Furthermore and in general, I felt that the whole design process this module was miscommunicated a lot. For the iOS game, we had lots of meetings with all of the team to discuss the design of our game and what gameplay we’re going to have. In this module, we were actually felt barred from chipping in to the design by our lecturers, and as a result the design team ended up having all of these discussions alone. This resulted in the fact that the design was poorly understood by the team, the team (especially the art team) weren’t clear on what their immediate goals are as we were stuck waiting for a design to be made, and all design decisions were foggy, miscommunicated, done late, and unclear in their motivation.

So for the most part, both the code and art teams were supposed to work on a game without knowing what the game is, making it a real challenge to set out goals and make meaningful progress. This meant that the art team had to re-make the theme several times, and the code team was blocked from implementing any core mechanics for our white box – it wasn’t clear what weapons we’d have in our game, it wasn’t clear how the AI is going to perform, it wasn’t clear how the vehicles are going to control, it wasn’t clear what the tracks would look like and what features would be in them, it wasn’t clear how the pickups would work or what menus we’d have in our game. This could have all been remedied by having more communication between the disciplines for the most part. For the other part, when the design decisions were lagging behind, it might have been a lot faster to brainstorm design with more members of the team – we’d all understand the design better, and we’d more quickly come up with ideas for weapons etc.

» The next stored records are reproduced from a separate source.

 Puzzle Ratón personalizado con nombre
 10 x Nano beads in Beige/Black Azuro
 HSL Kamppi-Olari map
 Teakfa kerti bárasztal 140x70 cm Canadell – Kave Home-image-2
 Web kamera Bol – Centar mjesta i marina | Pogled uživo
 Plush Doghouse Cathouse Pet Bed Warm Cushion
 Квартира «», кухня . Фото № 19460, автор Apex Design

Up to this point, I really don’t know why the design team worked in such isolation as they did, but if we were to do this again, I think we’d get better results from all of us working together. At different points through the module, it felt like some sort of a power struggle between various members in terms of everyone wanting their ideas to make it to the game. This isn’t really how a team should behave, and the module didn’t seem that much like a collaborative effort. We’re all working towards the same product, and we should be doing this together, and not individually. Not to mention the fact that the design changed so much every time some visitor came in and gave us their thoughts of what the game should be.

So we finished off this module without really knowing what our game design is, or rather, what gameplay mechanics our game will have and how it’s going to control. We know that it’s drone racing, and that it’s supposed to be arcade, but that doesn’t tell us much in terms of what the actual game is going to be. The best we currently have is some youtube videos of drone racing done by professionals with realistic controls, which is far from our goal of an easy to control, arcade-y drone action game.

If anything, the key point going forwards is that we need to work a lot more together to define what we’re setting out to make and making sure we understand each other properly.